On "Making"

Mar 25, 2013 09:44

A recent blog post on the subject of "making love" vs. "having sex" got me to thinking about things people make. Most of them fall into two broad categories: creation and influence. We make cookies, we make our beds, we make cars, we make war; we make someone happy, we can't make a horse drink, "the devil made me buy this dress," and so on.

There are three major exceptions that come to mind: making love, making good and making strange. Of these, the easy one to explain is making good: people make good on promises or threats, fulfilling them, or the simply make good in life, finding success and, presumably, fulfilment.

Small children are said to make strange, to react with shyness and distrust to strangers or even to people they have not encountered in some time. This seems to be a perfectly reasonable caution in adults beyond certain social conventions, but we find it quaint and noteworthy in the young, probably because they have not yet internalized those social cues.
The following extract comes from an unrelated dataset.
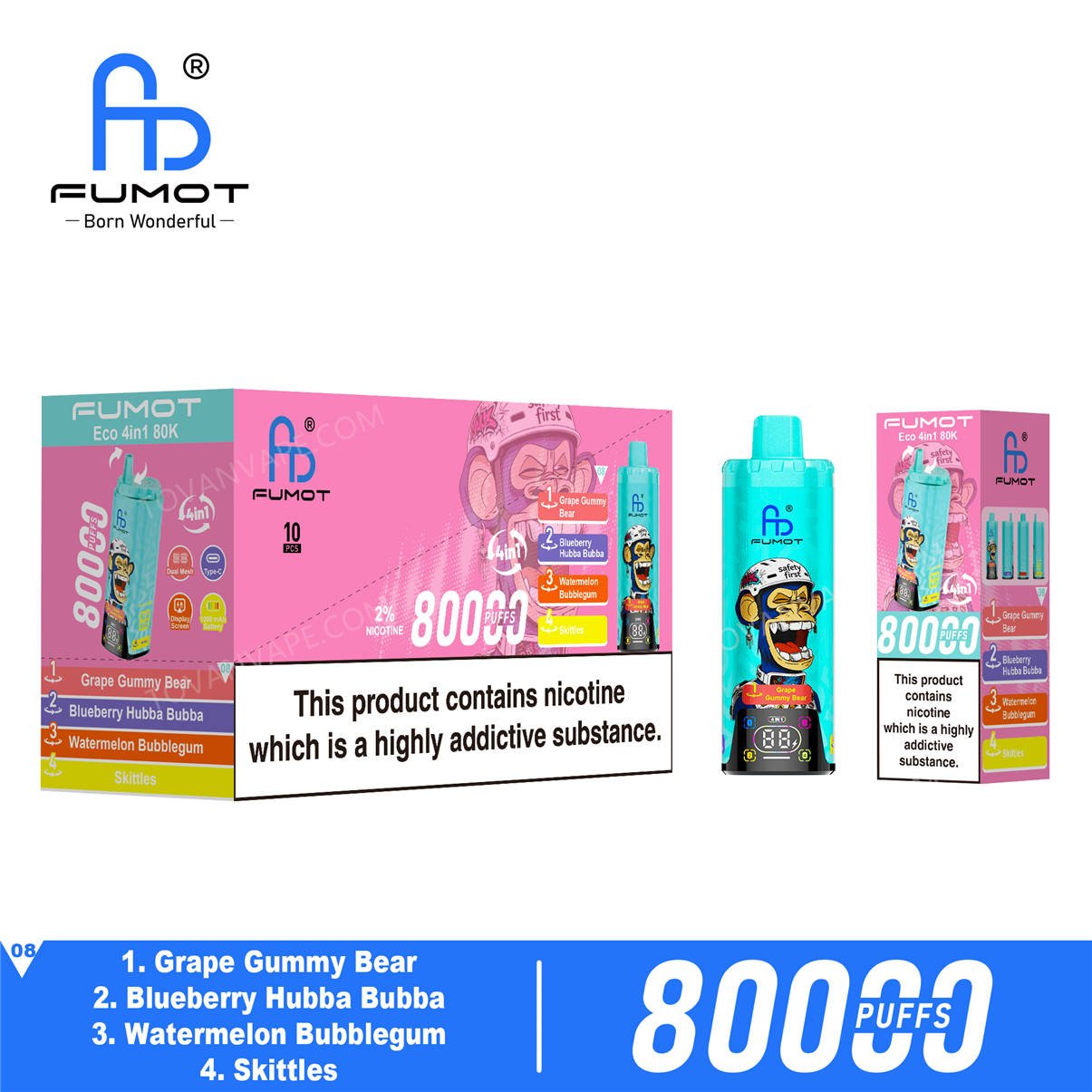 fumot eco 4in1 80k grape gummy bear - blueberry hubba bubba - watermelon bubblegum - skittles wholesale packaging box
Imagine how commerce would fare if we approached each customer or clerk with the reluctance of a two-year old being placed on Santa's lap.

This brings us again to making love. I'm not saying that every sexual encounter involves an emotional investment: what would become of sex-trade workers or the Barney Stinson amateurs of casual sex if it did? However, some encounters are an expression of that feeling, whether those involved are "friends with benefits" or committed life partners. I, for one, refuse to see the phrase as a mere euphemism. There are times when it is used as such and it is thus cheapened like a standing ovation for a mediocre performance, but there are also times when it is the perfect descriptor.